PROVIDED DATA: Begin

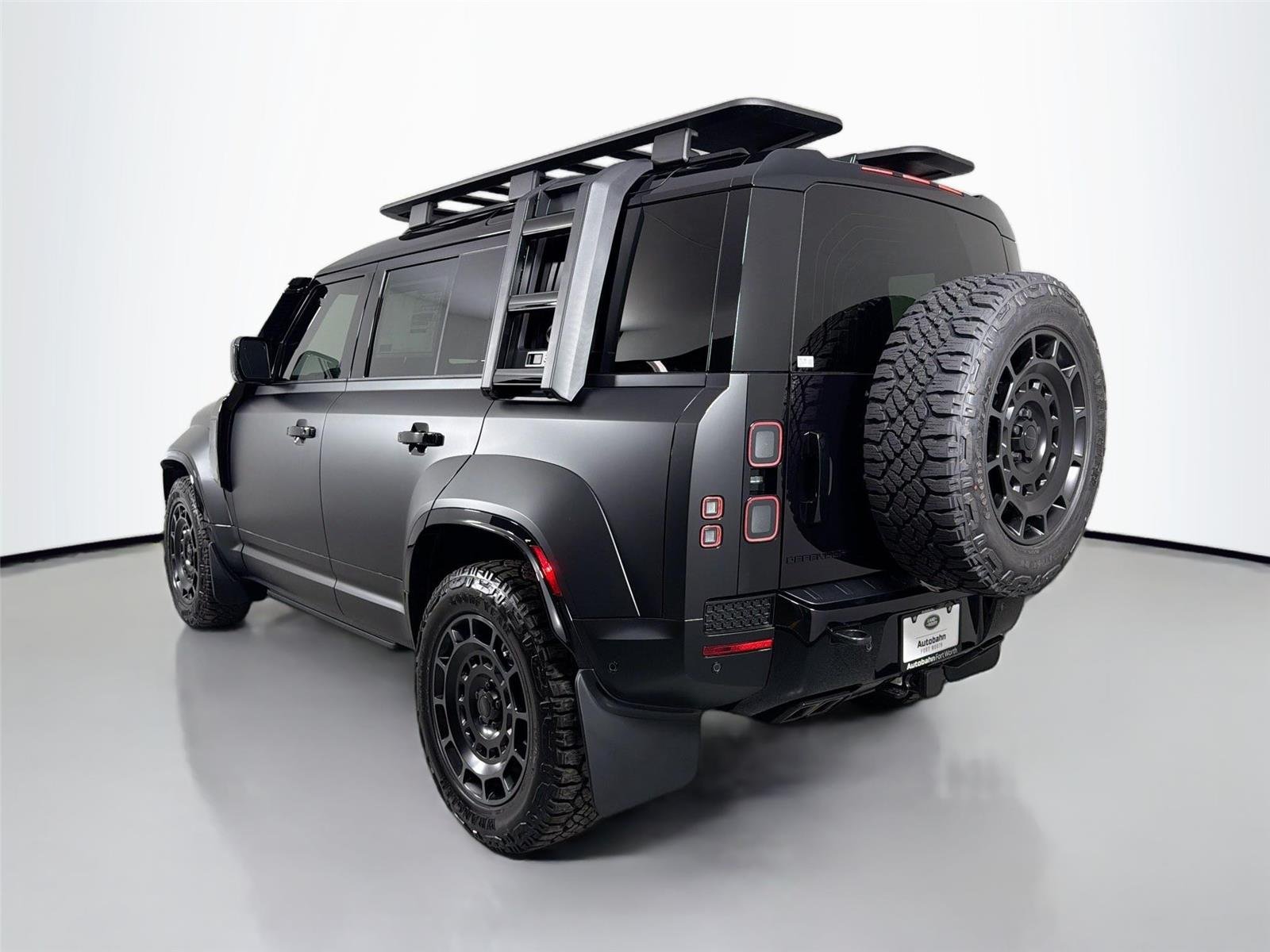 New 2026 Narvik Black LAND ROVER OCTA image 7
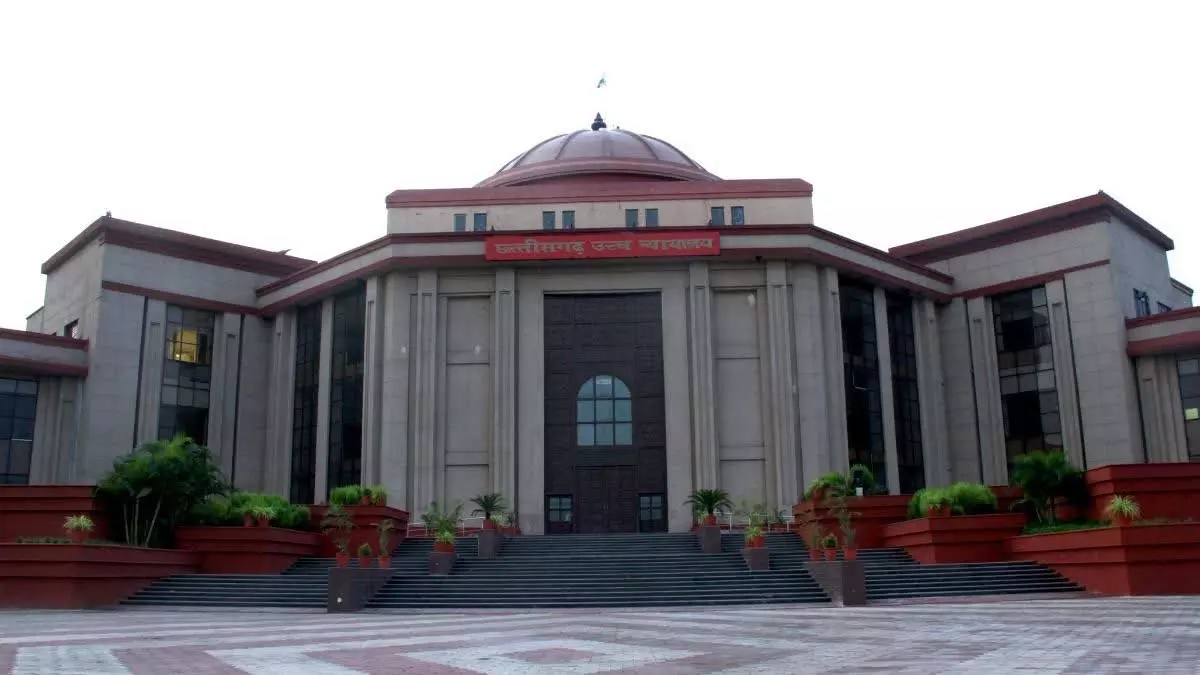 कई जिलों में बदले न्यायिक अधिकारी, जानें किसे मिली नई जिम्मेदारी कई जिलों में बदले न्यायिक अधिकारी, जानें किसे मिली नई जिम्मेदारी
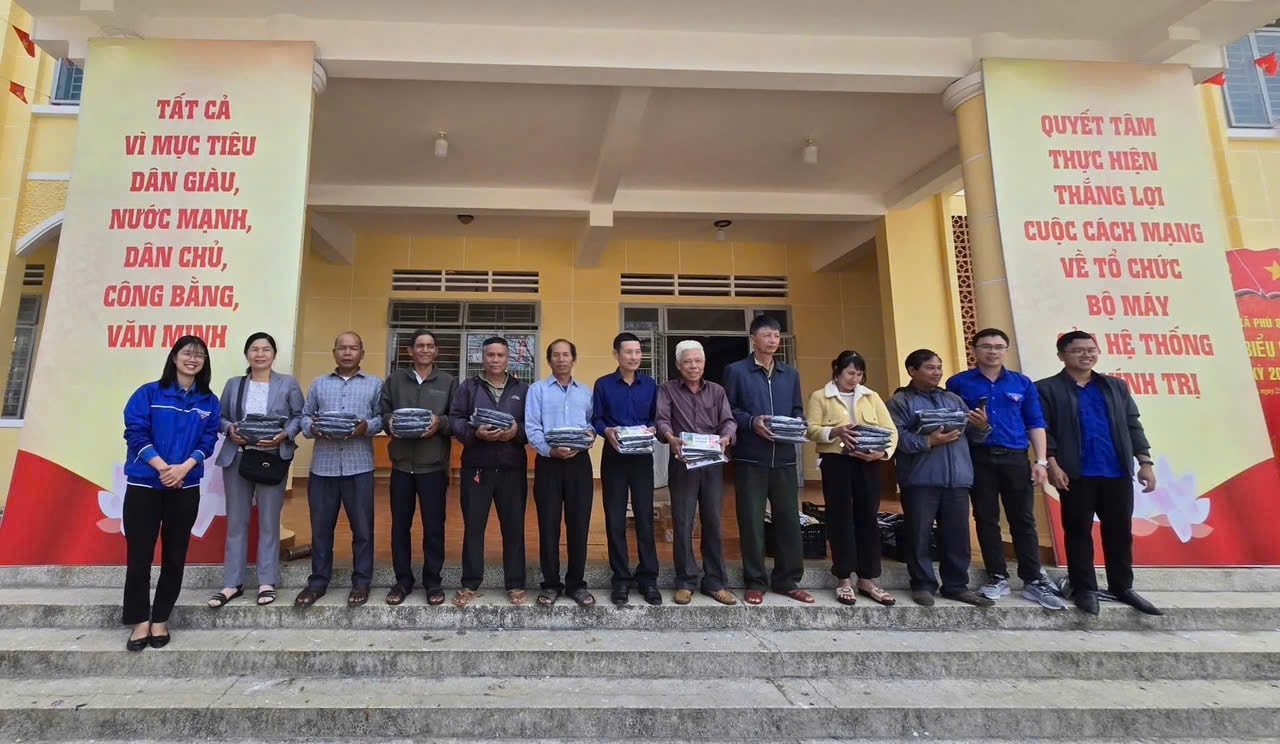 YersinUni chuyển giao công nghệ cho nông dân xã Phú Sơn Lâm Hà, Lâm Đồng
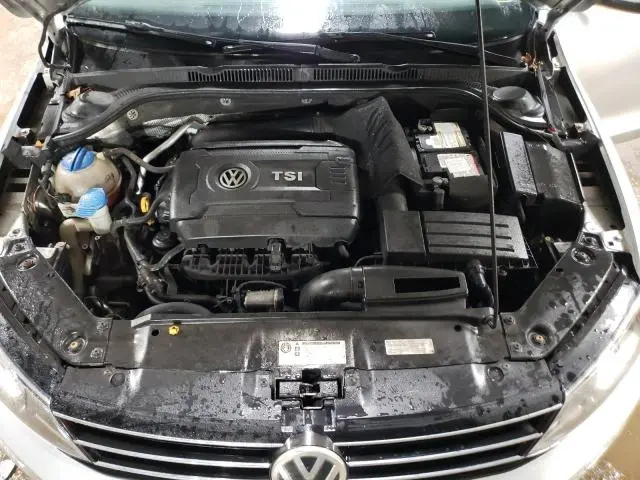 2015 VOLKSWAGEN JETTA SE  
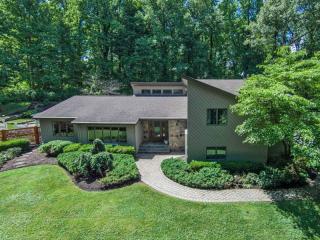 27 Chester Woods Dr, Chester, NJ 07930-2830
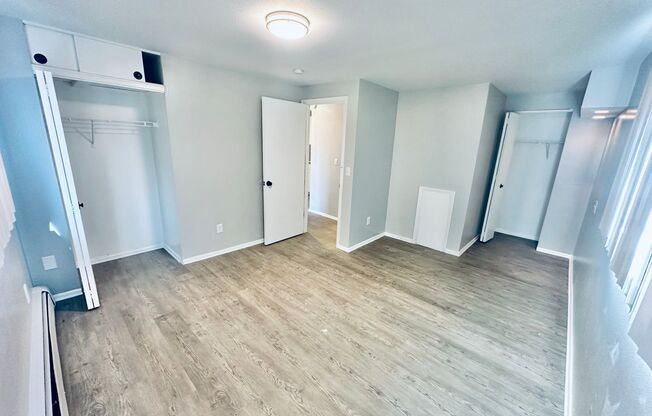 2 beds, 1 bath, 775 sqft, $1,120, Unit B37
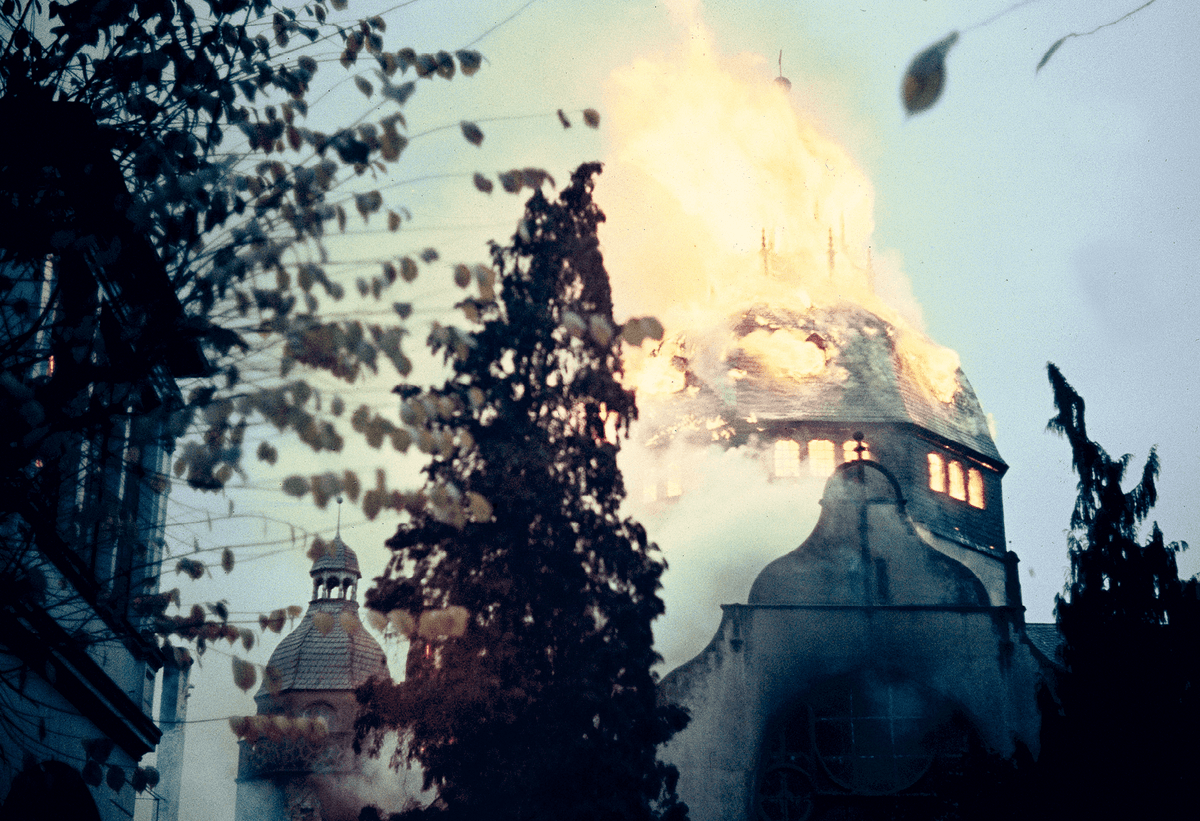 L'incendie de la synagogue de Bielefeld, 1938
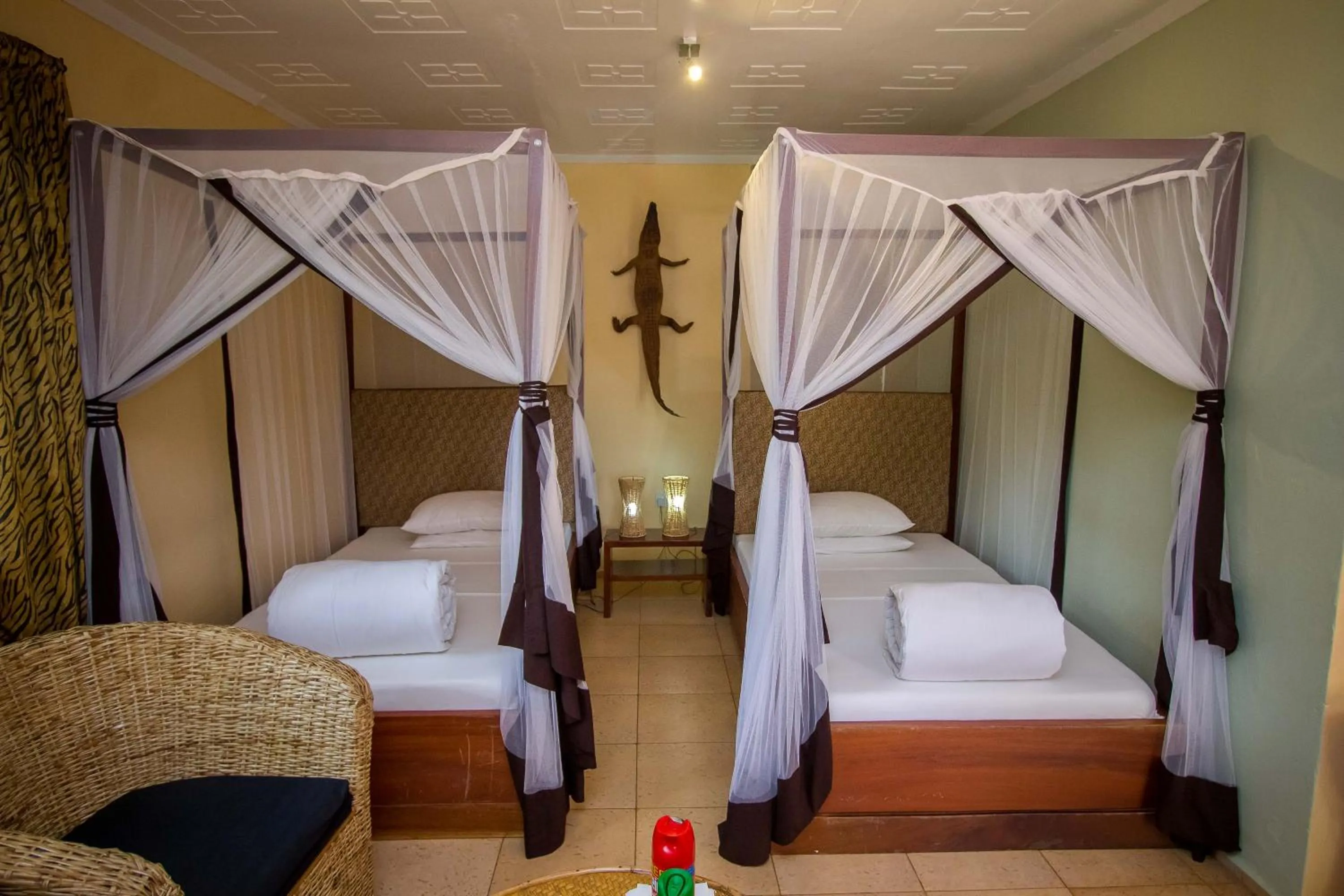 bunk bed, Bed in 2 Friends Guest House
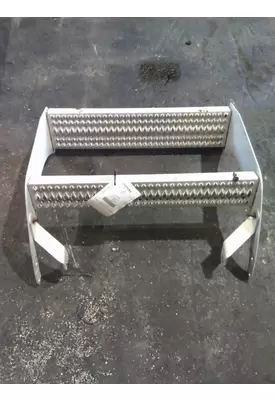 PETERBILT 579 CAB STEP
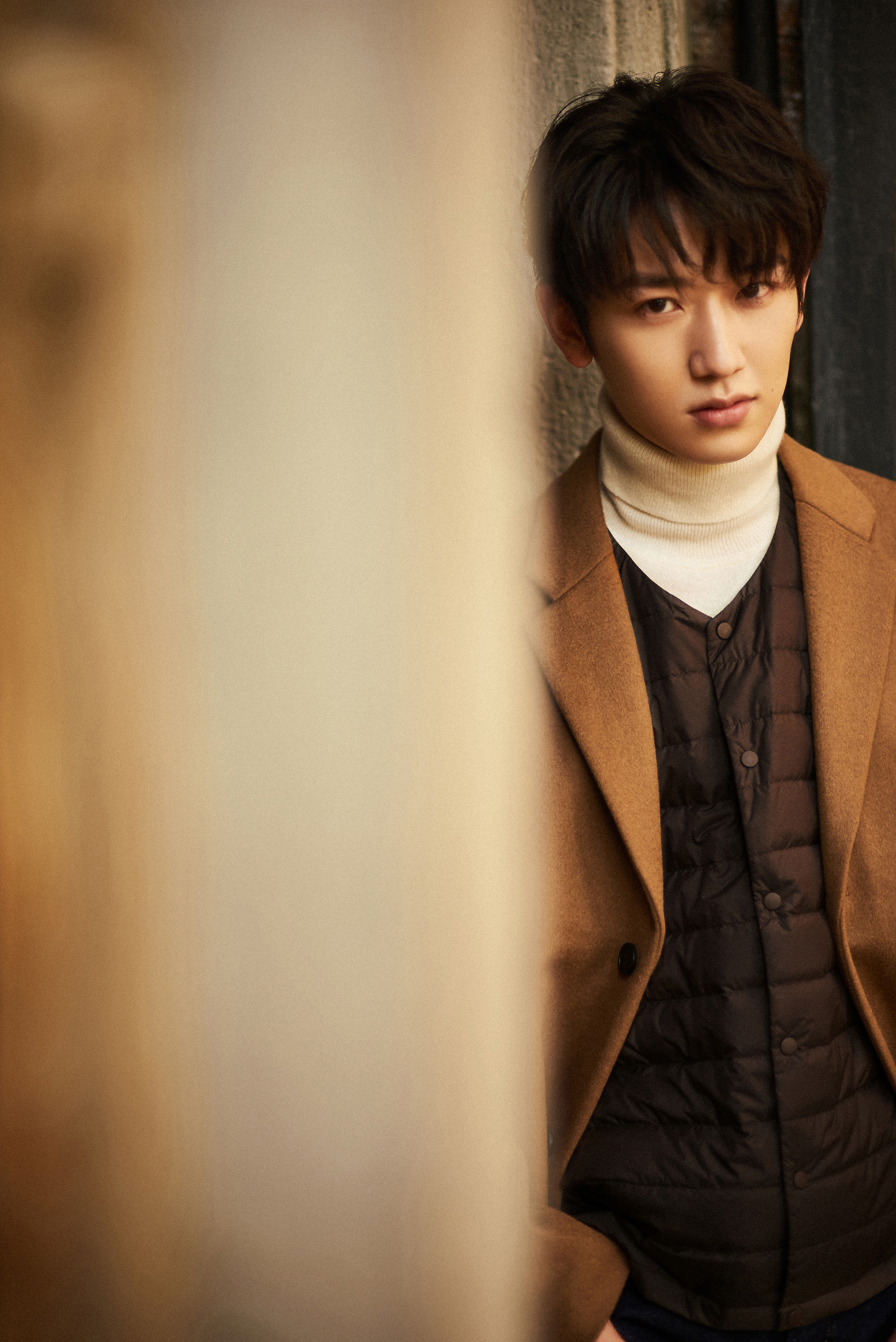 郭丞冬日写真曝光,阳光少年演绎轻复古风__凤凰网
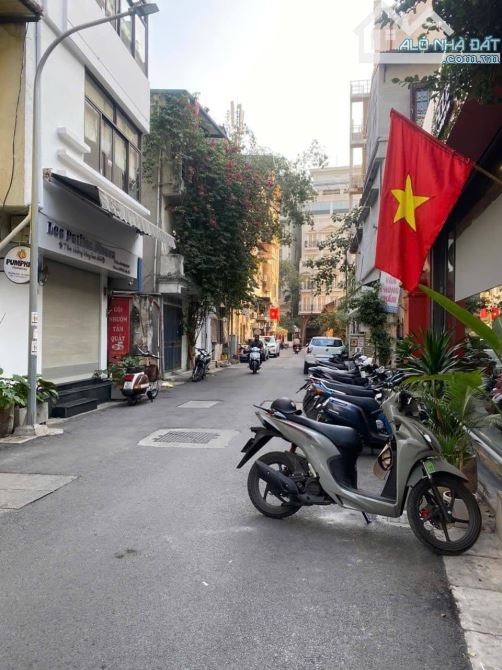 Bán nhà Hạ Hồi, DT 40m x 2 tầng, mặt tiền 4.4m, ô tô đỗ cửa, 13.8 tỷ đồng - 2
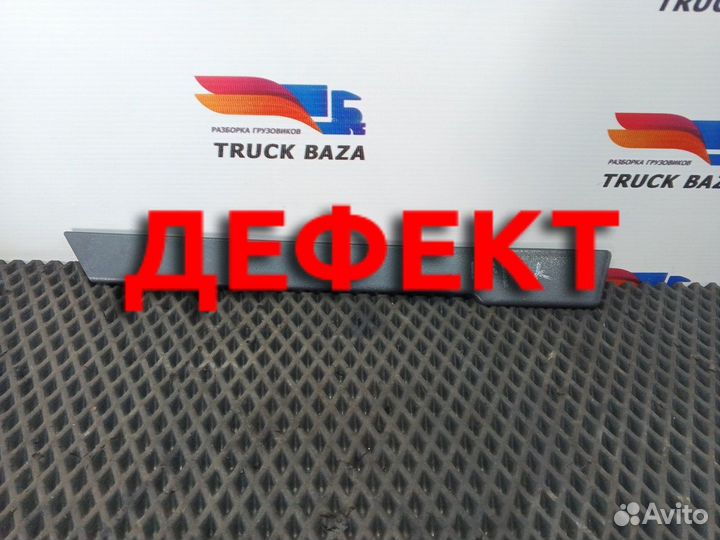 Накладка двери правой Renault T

PROVIDED DATA: End

TASK:
In the records above, find the line containing "YersinUni chuyển giao". Reproduce it and every line after it through the last line, omitting pictures.

OUTPUT BELOW:
 YersinUni chuyển giao công nghệ cho nông dân xã Phú Sơn Lâm Hà, Lâm Đồng
 2015 VOLKSWAGEN JETTA SE  
 27 Chester Woods Dr, Chester, NJ 07930-2830
 2 beds, 1 bath, 775 sqft, $1,120, Unit B37
 L'incendie de la synagogue de Bielefeld, 1938
 bunk bed, Bed in 2 Friends Guest House
 PETERBILT 579 CAB STEP
 郭丞冬日写真曝光,阳光少年演绎轻复古风__凤凰网
 Bán nhà Hạ Hồi, DT 40m x 2 tầng, mặt tiền 4.4m, ô tô đỗ cửa, 13.8 tỷ đồng - 2
 Накладка двери правой Renault T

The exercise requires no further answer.